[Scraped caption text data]
-*-
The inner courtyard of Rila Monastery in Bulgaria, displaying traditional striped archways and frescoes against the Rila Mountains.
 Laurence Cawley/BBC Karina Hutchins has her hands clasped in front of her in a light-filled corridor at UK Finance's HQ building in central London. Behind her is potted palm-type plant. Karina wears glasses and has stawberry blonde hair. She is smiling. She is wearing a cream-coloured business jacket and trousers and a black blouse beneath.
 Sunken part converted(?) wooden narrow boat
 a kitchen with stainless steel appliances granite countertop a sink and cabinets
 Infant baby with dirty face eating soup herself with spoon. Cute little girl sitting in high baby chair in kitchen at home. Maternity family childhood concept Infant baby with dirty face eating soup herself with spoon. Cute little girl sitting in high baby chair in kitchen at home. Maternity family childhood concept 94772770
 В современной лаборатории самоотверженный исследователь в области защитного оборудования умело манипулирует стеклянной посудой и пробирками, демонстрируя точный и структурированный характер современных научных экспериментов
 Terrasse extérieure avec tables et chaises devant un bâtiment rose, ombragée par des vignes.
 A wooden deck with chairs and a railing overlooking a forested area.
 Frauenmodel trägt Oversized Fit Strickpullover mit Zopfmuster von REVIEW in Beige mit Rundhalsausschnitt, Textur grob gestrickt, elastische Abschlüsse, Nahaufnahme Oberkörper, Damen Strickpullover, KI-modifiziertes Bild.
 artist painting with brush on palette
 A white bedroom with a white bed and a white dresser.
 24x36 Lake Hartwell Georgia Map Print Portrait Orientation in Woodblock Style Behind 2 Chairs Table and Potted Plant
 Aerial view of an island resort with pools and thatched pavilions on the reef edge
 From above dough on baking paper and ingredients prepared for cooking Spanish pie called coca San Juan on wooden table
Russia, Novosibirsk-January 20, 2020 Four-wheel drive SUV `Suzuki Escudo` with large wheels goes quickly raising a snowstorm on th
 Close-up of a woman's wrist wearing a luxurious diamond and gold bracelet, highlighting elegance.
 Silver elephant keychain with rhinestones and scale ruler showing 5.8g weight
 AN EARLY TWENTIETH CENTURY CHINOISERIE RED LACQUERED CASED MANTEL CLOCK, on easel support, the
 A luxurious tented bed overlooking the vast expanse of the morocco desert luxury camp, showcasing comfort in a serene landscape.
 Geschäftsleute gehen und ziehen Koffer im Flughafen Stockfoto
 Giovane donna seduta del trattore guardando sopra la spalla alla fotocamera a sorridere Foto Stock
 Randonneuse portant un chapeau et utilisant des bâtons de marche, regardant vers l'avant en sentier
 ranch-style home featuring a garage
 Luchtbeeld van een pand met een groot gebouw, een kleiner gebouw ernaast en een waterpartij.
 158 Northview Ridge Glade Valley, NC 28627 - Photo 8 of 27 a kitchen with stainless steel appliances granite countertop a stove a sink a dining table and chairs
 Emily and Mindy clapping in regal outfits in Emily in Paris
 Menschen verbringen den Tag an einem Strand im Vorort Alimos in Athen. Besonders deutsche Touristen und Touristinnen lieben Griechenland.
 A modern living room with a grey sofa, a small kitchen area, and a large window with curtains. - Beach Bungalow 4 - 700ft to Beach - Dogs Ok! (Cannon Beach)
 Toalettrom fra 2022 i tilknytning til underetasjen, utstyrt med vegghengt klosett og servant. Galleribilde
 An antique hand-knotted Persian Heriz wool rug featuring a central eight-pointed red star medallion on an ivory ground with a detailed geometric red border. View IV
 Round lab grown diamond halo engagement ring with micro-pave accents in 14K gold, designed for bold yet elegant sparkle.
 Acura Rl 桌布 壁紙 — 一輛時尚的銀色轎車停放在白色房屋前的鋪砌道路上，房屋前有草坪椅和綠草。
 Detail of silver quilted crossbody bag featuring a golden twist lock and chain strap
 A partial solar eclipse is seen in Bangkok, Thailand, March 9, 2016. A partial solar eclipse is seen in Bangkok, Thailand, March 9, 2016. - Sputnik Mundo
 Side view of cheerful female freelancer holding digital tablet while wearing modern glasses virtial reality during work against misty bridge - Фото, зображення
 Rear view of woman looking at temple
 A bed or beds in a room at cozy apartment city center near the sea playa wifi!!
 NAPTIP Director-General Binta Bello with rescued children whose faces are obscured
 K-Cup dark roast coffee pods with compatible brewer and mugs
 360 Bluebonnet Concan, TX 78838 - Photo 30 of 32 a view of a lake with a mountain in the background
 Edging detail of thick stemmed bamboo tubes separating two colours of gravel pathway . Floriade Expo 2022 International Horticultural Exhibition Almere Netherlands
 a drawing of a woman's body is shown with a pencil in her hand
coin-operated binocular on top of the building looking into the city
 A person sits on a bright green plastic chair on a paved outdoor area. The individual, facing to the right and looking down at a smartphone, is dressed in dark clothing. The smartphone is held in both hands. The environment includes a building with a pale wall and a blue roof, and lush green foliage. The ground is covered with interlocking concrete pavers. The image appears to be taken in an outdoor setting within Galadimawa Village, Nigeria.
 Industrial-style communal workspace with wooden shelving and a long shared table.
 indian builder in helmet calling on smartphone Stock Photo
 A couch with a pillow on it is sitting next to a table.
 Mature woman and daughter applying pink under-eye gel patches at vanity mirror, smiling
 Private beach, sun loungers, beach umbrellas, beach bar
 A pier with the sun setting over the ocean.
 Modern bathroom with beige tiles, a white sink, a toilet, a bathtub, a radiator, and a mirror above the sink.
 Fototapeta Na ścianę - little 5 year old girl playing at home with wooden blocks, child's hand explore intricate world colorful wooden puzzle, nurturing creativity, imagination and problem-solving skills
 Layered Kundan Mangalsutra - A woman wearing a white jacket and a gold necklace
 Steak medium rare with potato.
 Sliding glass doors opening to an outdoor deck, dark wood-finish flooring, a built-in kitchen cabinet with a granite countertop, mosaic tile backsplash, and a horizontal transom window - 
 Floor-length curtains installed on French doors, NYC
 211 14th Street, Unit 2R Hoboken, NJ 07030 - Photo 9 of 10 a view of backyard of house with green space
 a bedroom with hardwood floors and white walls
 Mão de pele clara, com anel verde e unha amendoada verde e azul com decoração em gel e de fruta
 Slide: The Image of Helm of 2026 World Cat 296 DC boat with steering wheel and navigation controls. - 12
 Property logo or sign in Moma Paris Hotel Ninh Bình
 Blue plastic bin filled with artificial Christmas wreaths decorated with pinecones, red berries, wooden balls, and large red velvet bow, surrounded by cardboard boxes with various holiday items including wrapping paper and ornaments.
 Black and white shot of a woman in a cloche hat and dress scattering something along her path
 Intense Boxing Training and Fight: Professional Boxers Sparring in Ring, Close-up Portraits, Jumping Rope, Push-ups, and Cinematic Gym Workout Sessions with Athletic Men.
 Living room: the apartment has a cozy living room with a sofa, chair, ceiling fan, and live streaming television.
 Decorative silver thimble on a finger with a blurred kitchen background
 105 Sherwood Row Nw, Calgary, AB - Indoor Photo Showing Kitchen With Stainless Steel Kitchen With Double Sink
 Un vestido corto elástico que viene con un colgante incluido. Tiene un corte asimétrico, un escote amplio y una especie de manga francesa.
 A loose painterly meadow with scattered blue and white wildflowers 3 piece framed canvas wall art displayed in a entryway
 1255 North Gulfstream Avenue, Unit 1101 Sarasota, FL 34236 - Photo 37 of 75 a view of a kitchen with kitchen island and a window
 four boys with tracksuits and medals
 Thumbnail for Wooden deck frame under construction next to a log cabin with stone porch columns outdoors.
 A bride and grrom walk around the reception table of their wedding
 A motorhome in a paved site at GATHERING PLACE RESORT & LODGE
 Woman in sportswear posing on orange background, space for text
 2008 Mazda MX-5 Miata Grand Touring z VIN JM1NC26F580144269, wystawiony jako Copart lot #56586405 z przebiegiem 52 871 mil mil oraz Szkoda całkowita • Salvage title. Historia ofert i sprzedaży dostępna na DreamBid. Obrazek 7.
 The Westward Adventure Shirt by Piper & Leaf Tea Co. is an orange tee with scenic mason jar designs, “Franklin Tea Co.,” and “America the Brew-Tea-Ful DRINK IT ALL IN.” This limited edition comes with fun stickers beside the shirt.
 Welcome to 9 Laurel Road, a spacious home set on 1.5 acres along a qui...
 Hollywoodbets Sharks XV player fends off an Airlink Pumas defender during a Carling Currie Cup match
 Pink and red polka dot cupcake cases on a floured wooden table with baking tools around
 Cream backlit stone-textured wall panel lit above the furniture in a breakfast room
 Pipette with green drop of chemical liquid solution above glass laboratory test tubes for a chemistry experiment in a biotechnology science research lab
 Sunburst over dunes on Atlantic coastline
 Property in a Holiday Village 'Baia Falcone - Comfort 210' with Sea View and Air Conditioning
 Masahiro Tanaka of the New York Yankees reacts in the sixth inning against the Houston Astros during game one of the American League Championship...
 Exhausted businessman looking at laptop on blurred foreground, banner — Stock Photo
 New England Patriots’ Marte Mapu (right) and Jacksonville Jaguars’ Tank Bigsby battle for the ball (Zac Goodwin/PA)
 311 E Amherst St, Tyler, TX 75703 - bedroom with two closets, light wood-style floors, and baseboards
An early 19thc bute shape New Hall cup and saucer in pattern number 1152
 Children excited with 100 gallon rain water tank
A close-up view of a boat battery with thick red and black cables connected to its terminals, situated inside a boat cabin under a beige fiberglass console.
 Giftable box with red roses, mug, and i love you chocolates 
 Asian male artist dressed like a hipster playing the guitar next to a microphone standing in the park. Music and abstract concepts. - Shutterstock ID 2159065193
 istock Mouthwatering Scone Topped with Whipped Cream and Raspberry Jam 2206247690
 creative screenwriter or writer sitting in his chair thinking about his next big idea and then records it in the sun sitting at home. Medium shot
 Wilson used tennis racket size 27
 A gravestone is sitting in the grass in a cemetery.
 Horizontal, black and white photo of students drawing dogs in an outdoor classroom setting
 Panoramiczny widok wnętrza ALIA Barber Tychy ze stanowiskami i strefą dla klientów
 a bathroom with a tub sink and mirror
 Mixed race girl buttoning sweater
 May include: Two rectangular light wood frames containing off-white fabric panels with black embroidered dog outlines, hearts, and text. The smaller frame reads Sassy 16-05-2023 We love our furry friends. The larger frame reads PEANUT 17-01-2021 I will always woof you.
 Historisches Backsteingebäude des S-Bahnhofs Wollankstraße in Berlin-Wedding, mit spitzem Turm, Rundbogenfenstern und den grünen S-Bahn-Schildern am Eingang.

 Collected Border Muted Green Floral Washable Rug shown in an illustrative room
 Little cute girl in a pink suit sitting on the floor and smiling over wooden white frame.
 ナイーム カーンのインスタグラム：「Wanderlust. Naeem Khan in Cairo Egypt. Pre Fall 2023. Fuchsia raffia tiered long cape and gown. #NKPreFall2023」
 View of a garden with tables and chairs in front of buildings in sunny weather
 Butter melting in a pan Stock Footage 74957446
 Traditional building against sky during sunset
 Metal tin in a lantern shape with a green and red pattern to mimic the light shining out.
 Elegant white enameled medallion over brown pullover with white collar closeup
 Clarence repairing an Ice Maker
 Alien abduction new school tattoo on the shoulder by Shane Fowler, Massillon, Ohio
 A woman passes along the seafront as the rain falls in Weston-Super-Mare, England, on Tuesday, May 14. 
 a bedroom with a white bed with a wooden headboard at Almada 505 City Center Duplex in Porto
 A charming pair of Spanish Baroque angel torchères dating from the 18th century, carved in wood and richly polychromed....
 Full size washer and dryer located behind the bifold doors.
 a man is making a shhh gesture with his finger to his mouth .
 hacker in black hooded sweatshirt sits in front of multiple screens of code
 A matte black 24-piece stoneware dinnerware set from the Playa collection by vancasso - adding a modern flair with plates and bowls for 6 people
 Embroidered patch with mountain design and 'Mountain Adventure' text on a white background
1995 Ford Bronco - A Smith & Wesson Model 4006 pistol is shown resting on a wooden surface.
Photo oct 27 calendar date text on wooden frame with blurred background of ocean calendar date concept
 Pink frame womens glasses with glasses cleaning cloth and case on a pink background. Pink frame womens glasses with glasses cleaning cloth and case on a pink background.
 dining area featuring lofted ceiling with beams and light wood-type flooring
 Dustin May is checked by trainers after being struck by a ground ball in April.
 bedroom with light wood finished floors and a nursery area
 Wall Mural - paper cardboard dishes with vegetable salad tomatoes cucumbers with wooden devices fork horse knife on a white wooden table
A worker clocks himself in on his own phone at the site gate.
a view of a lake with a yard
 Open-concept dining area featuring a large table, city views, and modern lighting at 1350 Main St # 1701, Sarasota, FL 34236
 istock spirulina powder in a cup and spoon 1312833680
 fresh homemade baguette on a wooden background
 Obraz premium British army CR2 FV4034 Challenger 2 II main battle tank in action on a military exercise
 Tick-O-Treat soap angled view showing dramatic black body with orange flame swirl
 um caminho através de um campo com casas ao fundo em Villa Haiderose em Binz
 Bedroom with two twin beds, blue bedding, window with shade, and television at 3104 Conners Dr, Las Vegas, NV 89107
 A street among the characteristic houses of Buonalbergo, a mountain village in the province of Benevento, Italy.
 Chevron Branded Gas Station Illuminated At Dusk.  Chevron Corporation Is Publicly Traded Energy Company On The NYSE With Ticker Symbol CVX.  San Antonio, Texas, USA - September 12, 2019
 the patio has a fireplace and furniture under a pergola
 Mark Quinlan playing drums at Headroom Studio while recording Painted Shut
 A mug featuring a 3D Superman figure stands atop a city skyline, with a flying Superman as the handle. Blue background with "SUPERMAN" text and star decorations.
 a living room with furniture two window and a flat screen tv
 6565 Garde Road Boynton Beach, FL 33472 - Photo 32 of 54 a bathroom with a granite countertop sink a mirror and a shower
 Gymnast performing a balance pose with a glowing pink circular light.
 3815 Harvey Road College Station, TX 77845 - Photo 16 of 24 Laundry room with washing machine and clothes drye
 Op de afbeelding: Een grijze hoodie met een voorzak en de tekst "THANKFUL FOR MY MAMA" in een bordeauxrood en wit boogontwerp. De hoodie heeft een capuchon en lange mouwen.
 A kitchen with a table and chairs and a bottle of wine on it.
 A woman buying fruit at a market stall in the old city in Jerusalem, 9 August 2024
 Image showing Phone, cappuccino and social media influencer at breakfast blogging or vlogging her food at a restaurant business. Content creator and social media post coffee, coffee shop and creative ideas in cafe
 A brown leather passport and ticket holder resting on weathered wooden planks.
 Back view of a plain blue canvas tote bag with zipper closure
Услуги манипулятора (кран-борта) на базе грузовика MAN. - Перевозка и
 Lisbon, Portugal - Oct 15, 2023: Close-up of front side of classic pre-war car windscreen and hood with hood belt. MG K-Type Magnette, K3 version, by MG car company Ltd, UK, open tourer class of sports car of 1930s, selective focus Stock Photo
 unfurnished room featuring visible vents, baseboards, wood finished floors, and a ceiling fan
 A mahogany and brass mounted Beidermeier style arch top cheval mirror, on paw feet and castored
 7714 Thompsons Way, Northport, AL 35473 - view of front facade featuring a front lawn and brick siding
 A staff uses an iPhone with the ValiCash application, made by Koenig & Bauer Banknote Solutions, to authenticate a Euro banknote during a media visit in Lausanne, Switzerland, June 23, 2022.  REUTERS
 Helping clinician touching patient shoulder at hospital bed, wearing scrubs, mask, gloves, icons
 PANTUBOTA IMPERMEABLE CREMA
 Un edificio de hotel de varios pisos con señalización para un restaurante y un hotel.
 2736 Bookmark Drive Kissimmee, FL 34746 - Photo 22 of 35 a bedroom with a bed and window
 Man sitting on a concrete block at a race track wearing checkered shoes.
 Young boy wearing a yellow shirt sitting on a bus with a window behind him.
-*-
● Problem details:
Looking at the entries above, can you reproduce exactly the lines from the one that holds "Welcome to 9" through the one that holds "Pink and red", and only those?

● Solution for this exercise:
 Welcome to 9 Laurel Road, a spacious home set on 1.5 acres along a qui...
 Hollywoodbets Sharks XV player fends off an Airlink Pumas defender during a Carling Currie Cup match
 Pink and red polka dot cupcake cases on a floured wooden table with baking tools around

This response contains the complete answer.